→ **Work instructions**:
The lines below, from the one containing "Test montre Coros Apex 2 pro" through the one containing "Imagem de Copo", should be set down exactly, with no pictures and nothing else.

→ **Source data**:
---
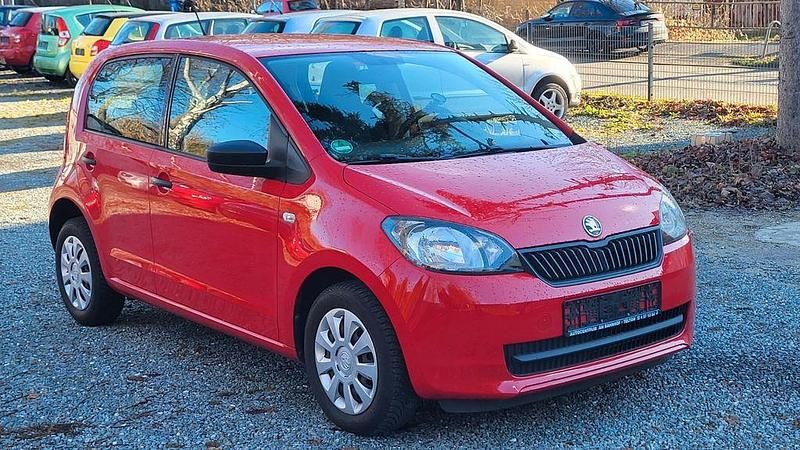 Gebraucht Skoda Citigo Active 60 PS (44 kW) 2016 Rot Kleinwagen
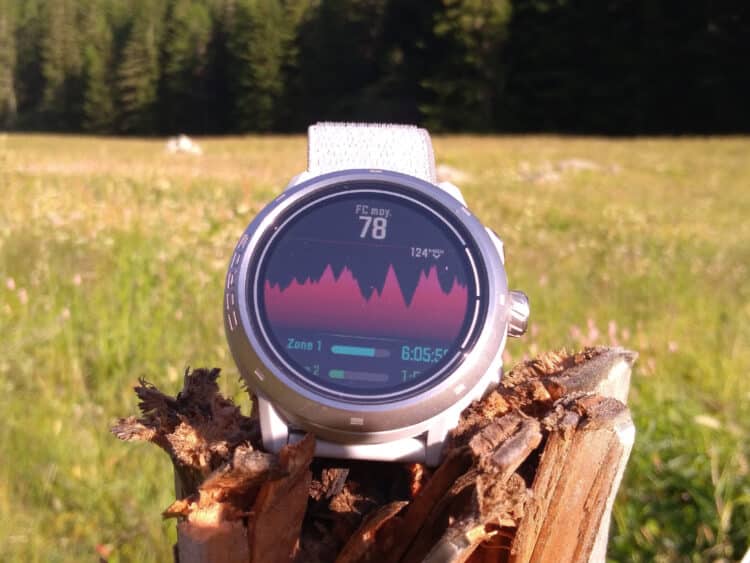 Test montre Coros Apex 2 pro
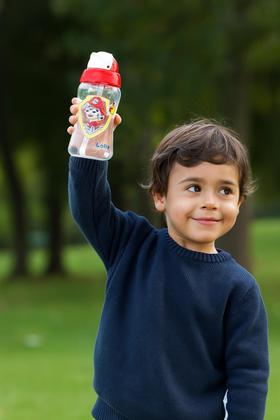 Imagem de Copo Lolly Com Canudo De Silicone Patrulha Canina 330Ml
---
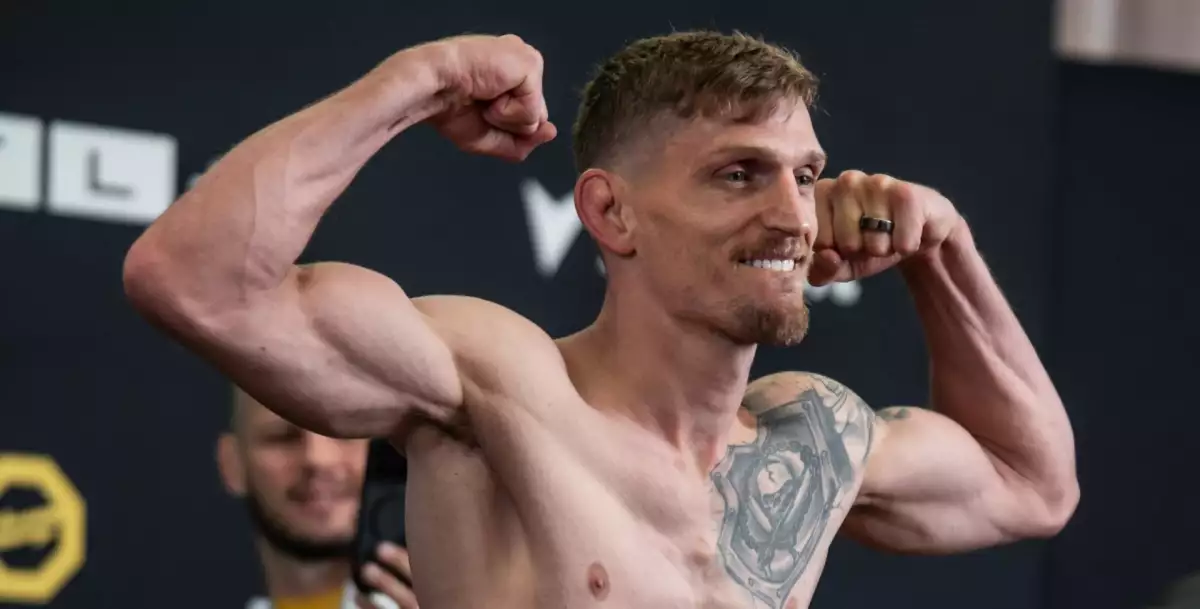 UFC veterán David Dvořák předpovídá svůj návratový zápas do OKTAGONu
---
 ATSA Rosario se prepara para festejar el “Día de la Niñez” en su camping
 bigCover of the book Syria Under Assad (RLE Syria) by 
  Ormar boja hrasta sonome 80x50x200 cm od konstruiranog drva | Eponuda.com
---
→ **Response below**:
 Test montre Coros Apex 2 pro
 Imagem de Copo Lolly Com Canudo De Silicone Patrulha Canina 330Ml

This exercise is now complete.